-- Records for the task follows --
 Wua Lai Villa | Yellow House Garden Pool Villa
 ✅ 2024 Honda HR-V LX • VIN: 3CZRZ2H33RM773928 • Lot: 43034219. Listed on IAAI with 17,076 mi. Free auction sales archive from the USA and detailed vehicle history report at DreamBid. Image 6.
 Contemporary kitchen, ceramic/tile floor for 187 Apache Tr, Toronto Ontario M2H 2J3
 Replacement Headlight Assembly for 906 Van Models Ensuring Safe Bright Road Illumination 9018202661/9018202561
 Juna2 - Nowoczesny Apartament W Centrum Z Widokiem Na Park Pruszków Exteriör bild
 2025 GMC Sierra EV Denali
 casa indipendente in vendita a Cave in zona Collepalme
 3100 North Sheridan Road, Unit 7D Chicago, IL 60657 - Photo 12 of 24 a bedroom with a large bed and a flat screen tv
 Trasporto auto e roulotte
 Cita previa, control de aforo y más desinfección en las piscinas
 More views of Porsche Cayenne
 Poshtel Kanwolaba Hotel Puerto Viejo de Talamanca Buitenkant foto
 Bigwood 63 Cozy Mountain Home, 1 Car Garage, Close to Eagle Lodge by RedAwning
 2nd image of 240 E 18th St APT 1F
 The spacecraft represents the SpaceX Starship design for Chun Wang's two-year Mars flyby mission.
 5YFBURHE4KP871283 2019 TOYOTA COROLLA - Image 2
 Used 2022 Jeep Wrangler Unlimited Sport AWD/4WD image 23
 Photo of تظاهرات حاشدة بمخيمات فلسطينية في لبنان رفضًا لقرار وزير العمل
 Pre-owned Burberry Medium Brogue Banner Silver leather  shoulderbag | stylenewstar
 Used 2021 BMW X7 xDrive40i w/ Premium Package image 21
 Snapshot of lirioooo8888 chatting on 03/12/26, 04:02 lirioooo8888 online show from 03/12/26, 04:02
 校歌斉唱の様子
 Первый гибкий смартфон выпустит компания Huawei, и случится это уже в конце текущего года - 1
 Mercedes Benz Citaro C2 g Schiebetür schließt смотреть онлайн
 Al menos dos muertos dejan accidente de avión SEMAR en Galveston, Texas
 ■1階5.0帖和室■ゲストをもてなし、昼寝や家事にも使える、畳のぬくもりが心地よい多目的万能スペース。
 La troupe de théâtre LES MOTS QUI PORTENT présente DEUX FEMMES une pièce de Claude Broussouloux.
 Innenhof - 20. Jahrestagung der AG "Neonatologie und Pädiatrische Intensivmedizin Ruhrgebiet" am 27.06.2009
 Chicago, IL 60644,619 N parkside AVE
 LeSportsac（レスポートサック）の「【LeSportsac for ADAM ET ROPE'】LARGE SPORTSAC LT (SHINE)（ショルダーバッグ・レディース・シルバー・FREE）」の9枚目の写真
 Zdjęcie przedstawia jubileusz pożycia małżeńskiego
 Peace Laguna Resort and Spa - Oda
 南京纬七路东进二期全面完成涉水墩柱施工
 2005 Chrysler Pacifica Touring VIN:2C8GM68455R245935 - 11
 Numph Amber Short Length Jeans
-- Records for the task concluded --
Aim of the task: Repeat exactly the lines of the records from the one containing "Used 2022 Jeep" to the last, and include no line outside that stretch.

Written reply:
 Used 2022 Jeep Wrangler Unlimited Sport AWD/4WD image 23
 Photo of تظاهرات حاشدة بمخيمات فلسطينية في لبنان رفضًا لقرار وزير العمل
 Pre-owned Burberry Medium Brogue Banner Silver leather  shoulderbag | stylenewstar
 Used 2021 BMW X7 xDrive40i w/ Premium Package image 21
 Snapshot of lirioooo8888 chatting on 03/12/26, 04:02 lirioooo8888 online show from 03/12/26, 04:02
 校歌斉唱の様子
 Первый гибкий смартфон выпустит компания Huawei, и случится это уже в конце текущего года - 1
 Mercedes Benz Citaro C2 g Schiebetür schließt смотреть онлайн
 Al menos dos muertos dejan accidente de avión SEMAR en Galveston, Texas
 ■1階5.0帖和室■ゲストをもてなし、昼寝や家事にも使える、畳のぬくもりが心地よい多目的万能スペース。
 La troupe de théâtre LES MOTS QUI PORTENT présente DEUX FEMMES une pièce de Claude Broussouloux.
 Innenhof - 20. Jahrestagung der AG "Neonatologie und Pädiatrische Intensivmedizin Ruhrgebiet" am 27.06.2009
 Chicago, IL 60644,619 N parkside AVE
 LeSportsac（レスポートサック）の「【LeSportsac for ADAM ET ROPE'】LARGE SPORTSAC LT (SHINE)（ショルダーバッグ・レディース・シルバー・FREE）」の9枚目の写真
 Zdjęcie przedstawia jubileusz pożycia małżeńskiego
 Peace Laguna Resort and Spa - Oda
 南京纬七路东进二期全面完成涉水墩柱施工
 2005 Chrysler Pacifica Touring VIN:2C8GM68455R245935 - 11
 Numph Amber Short Length Jeans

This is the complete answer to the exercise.